County Commissioner Jim Andreozzi asked if the county will be required to provide coverage for part-time employees.
Tschappat said under the law, employers with 50 or more employees working 30 hours or more a week will be required to provide coverage or pay a tax. He noted the difference between the cost of the tax and the coverage will depend on the number of part-time employees.
Bob Babinchak, vice president of employee benefits for WesBanco Insurance Services, which also serves the county, said some provisions of the law may benefit the county and he also is available to discuss that.
Tschappat said the commission has helped to make working for the county attractive to its employees by covering 100 percent of their insurance premiums.
Citing rising coverage costs, the commission in July moved to require all new employees and newly elected officials as of July 1 to contribute 20 percent of their health coverage. The move was intended to introduce employee contributions without penalizing long-time employees.
In related business, County Clerk Sylvia Benzo said county employees subscribing to up to 10 supplemental insurance providers have arranged for their payments to be deducted from their paychecks.
Benzo said the situation creates additional bookkeeping for her staff and doesn’t result in a cost reduction for the employees.

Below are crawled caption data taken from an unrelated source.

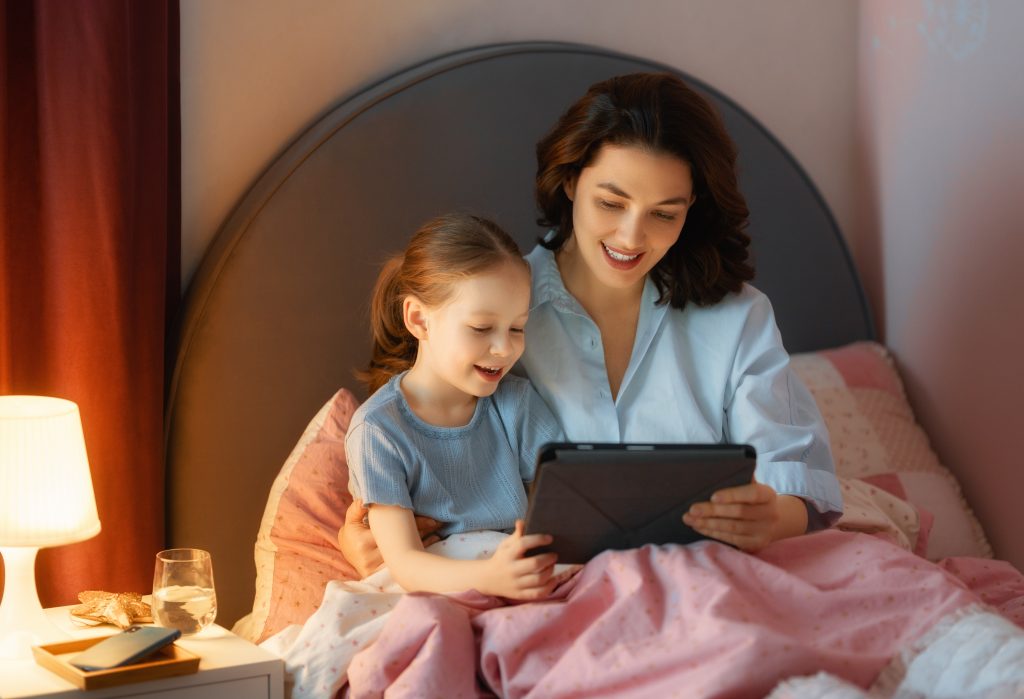 Happy loving family. Young mother and daughter girl using tablet pc. Funny mom and lovely child are having fun at home.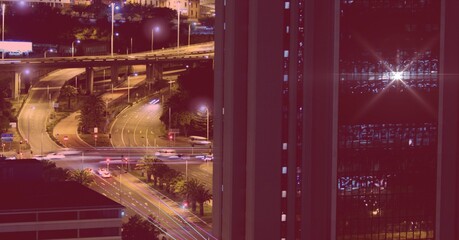 Composition of network of light trails and connections over cityscape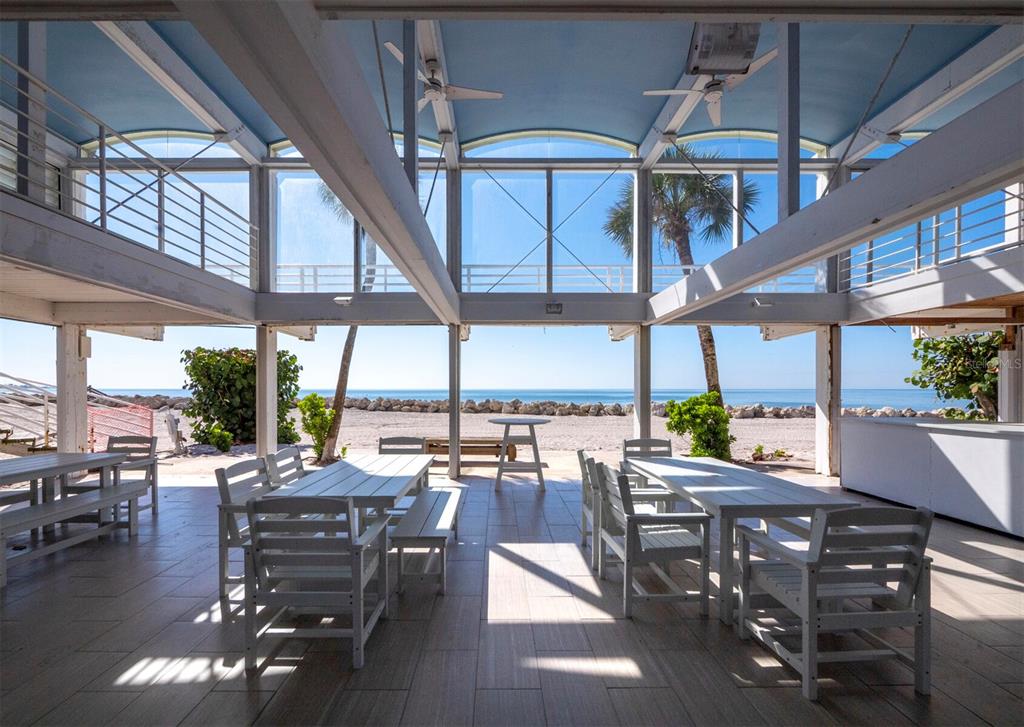 7233 Pine Needle Road Sarasota, FL 34242 - Photo 21 of 49 a outdoor space with patio lots of furniture and garden view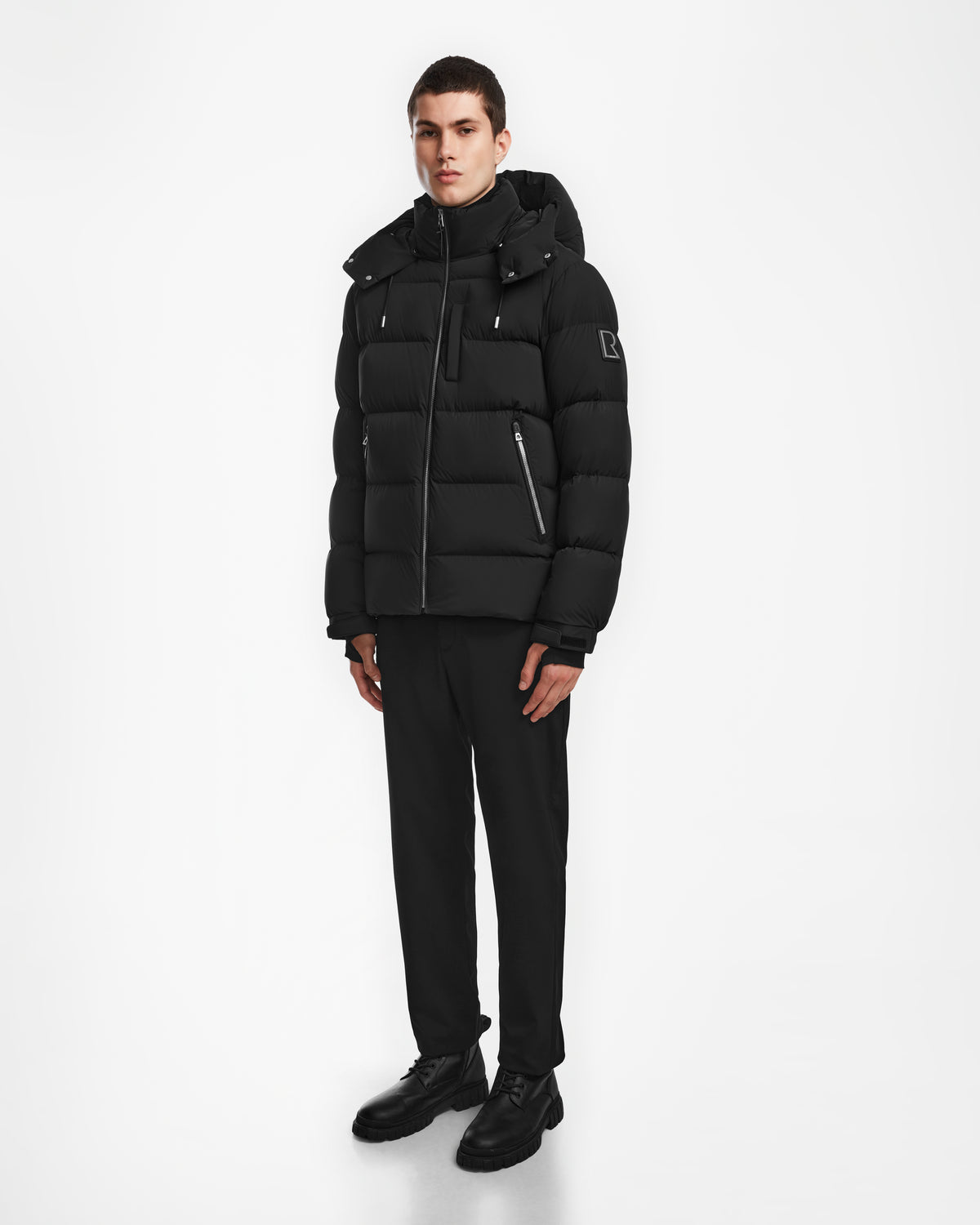 A person stands against a plain white background wearing the Rudsak VINCE M - 6124561 Black men’s down puffer jacket with silver zippers, paired with black trousers and dress shoes—a sleek, weather-resistant monochrome look.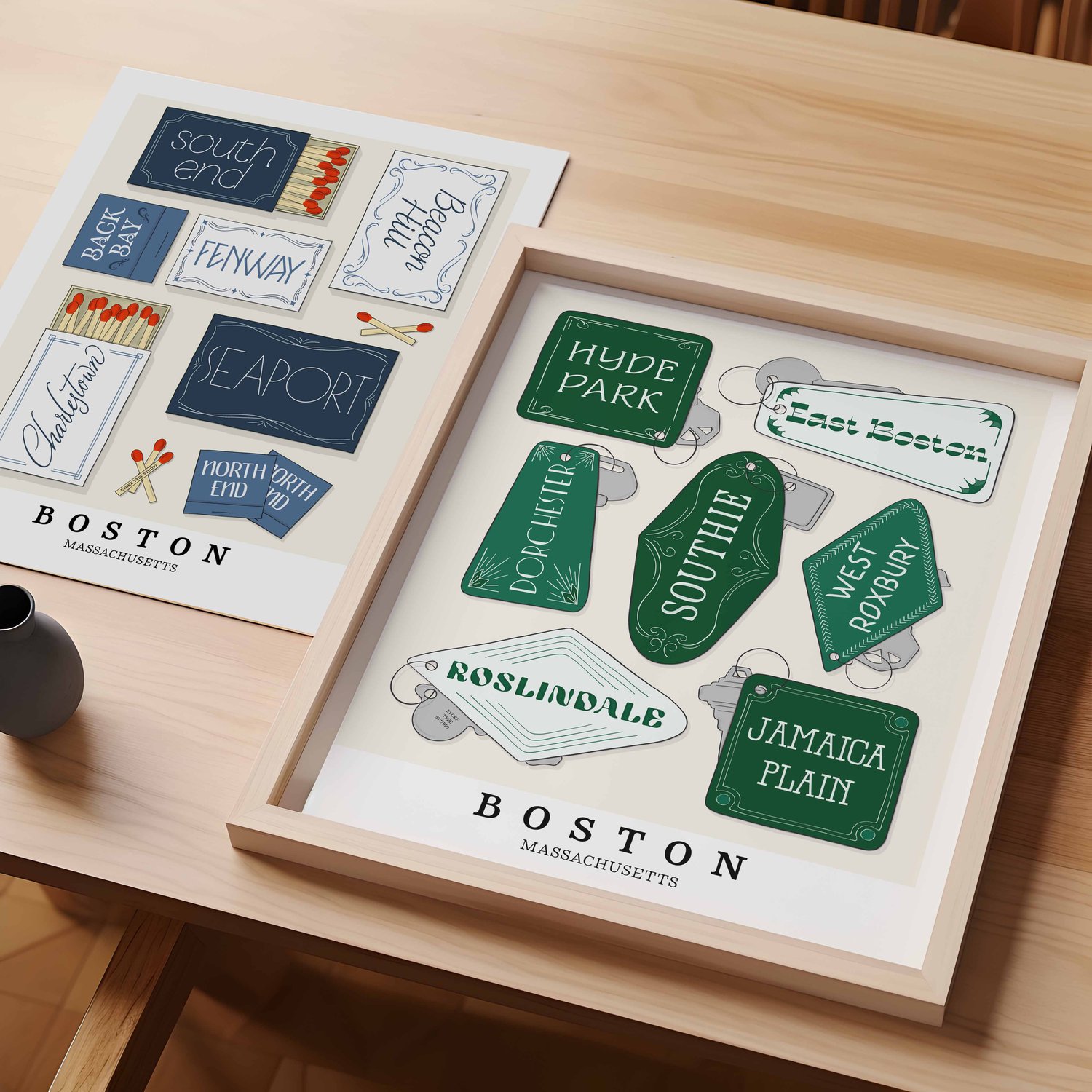 A table with an unframed artwork of Boston matchbox art and a framed artwork of Boston key fob art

She asked the commission to consider stopping the payroll deductions and having the staff make the payments directly.
The commission agreed to consider it at a future meeting.
In other business:
The commission adopted a resolution recognizing the 140th anniversary of the March 4, 1872 American Lightweight Boxing Championship fight held at Colliers Station, now known as Colliers, in support of Wellsburg resident Michael Traubert’s efforts to have the event recognized by the Bareknuckle Boxing Hall of Fame in Belfast, New York.
A fan and historian of old-time boxing, Traubert said the fight was among many fights held in Brooke County in the early days of the sport, when it was illegal in many places. He presented photos of boxers who fought in local bouts for the Brooke County Museum and suggested a sign could be posted in Colliers to acknowledge its role in the sport’s development.
The commission agreed to have the state take, from future video lottery casino payments to the county, $22,000 the state had overpaid it in video lottery funds.
Benzo said the state inadvertently shared with Brooke County revenue it had collected from a Three Springs Drive, Weirton casino that actually is in Hancock County and another outside Brooke County that was owned by a former Brooke County business. She said the county had the option of repaying the state the amount or having it taken from future payments of the funds.
The county normally receives about $15,800 per month in video lottery revenue collected and returned by the state.
The commissioners announced it will move next week’s meeting from Tuesday to Wednesday at 10:30 a.m. at the courthouse so they and Benzo may attend various other meetings.
Les McGowan, president of the county building commission, said there are two vacant seats on the board. The group assists the commission in pursuing building projects and the funds needed for them and meets at 5 p.m. on the fourth Monday of each month at the county courthouse.
Letters of interest should be submitted to the county clerk’s office.